«In casa di riposo servono protezioni per tutti»
Coronavirus a Lavis. Dei due tamponi fatti all’interno della Rsa uno solo è risultato positivo Da quel momento tutti gli ospiti con sintomi “sospetti” sono stati classificati Covid19 e isolati
Lavis. Quello che si temeva è successo: un piccolo focolaio di coronavirus è divampato all’interno della casa di riposo di Lavis. I casi sono aumentati a vista d’occhio e la situazione è molto preoccupante. Ma non è disperata, né totalmente fuori controllo. Questo perché il personale – almeno quello che non è stato costretto a rimanere a casa, in isolamento volontario, per evitare un peggioramento dei contagi – sta comunque lavorando in prima linea, con un grande spirito di sacrificio. In una battaglia che nessuno si sarebbe mai aspettato di dovere affrontare, solo qualche mese fa.
In realtà, non tutti i casi indicati come positivi sono stati verificati, al momento, con il tampone. Il primo ospite malato è stato trovato all’interno del nucleo Alzheimer, la settimana scorsa. Da quel momento in poi, tutti gli ospiti che hanno sintomi influenzali, più o meno lievi, vengono per sicurezza trattati come se avessero di certo il coronavirus. A partire dall’isolamento: è l’arma che si spera possa essere efficace per bloccare il contagio, fra i vari reparti e le stanze della casa di riposo. Ma non mancano i problemi, come ci spiega il presidente Alberto Giovannini. A partire dalla necessità di avere più dispositivi di protezione individuale da distribuire in tutta la struttura, non solo nei reparti dove si è già verificata la presenza della malattia.
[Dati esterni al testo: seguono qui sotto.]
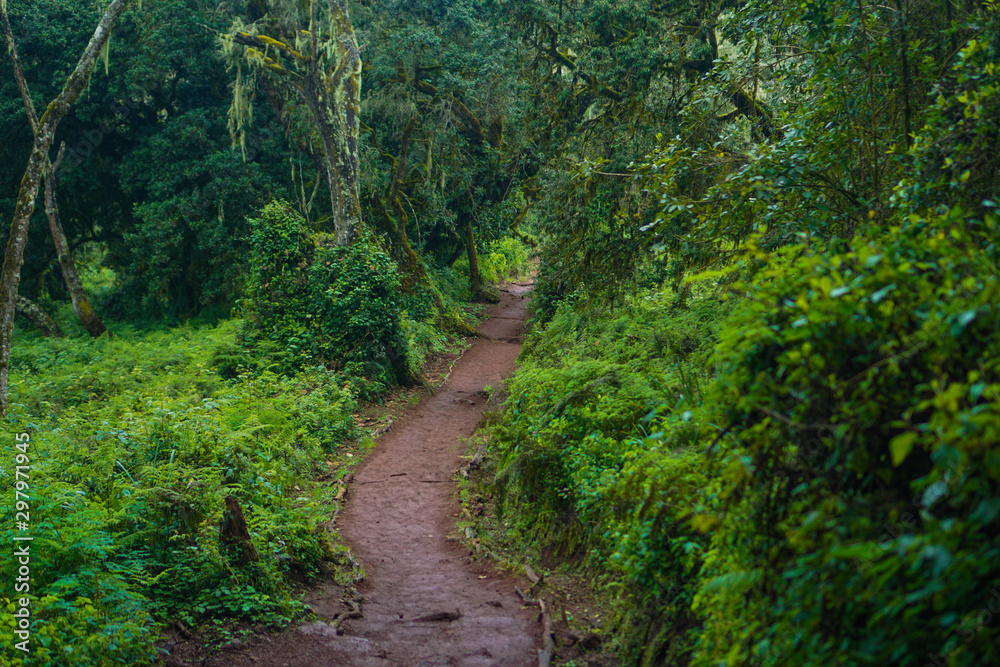 Forests are viewed from high have many fog Kilimanjaro Mountain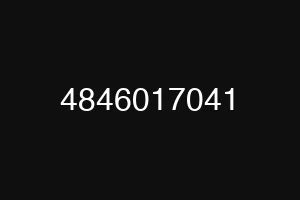 4846017041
Giovannini, come è iniziata questa emergenza?
Fra mercoledì e giovedì abbiamo avuto i primi casi, sia fra i dipendenti sia fra gli ospiti. Presentavano i classici sintomi influenzali: febbre e tosse. Abbiamo fatto il tampone su un paio di residenti e venerdì abbiamo avuto il risultato: in realtà, solo uno era positivo. Da quel momento è scattato il piano di emergenza a cui eravamo comunque pronti e che è dettato dalle direttive dell’azienda sanitaria. Non ci siamo inventati nulla.
Da cosa siete partiti?
Il primo passo è quello dell’isolamento dei casi positivi, per quanto possibile in una casa di riposo, che non è ovviamente un reparto di malattie infettive di un ospedale. Il problema vero è che noi vorremmo che tutta la casa di riposo fosse considerata come un luogo infetto, perché ci permetterebbe di avere una dotazione maggiore di mascherine e dispositivi di protezione individuale, a disposizione di tutto il personale.
Non è così?
Al momento no. Ci vengono assicurate le protezioni massime solo per il personale che entra in contatto diretto con i malati. Per gli altri, ci stiamo arrangiando, anche guardando autonomamente sul mercato. Ma non è facile. Avevamo ordinato 500 mascherine da un fornitore, ma poi ci ha chiamato dicendo che ce ne poteva consegnare solo 150. È una situazione difficile per tutti, a livello mondiale. E quindi è chiaro che a monte ci debbano essere delle scelte. Ma io sarei la persona più felice al mondo se potessi dare a tutti i dipendenti le mascherine con il filtro massimo, e non solo quelle chirurgiche. Qualcuno ha sostenuto sui social che la colpa è nostra, perché non le abbiamo chieste. Non è così: noi siamo costantemente in contatto con Protezione civile e Azienda sanitaria.
Nel personale c’è preoccupazione?
Sì e io la capisco e la condivido. Anzi, torno a ringraziarli del fatto che ci sono, che si danno da fare, che si assistono gli anziani il più possibile. Purtroppo ci troviamo a gestire una situazione, seguendo le direttive che ci vengono dettate e facendo i conti con quello che abbiamo a disposizione. Finita l’emergenza, probabilmente una riflessione andrà fatta su come avremmo potuto prepararci meglio a quello che è successo.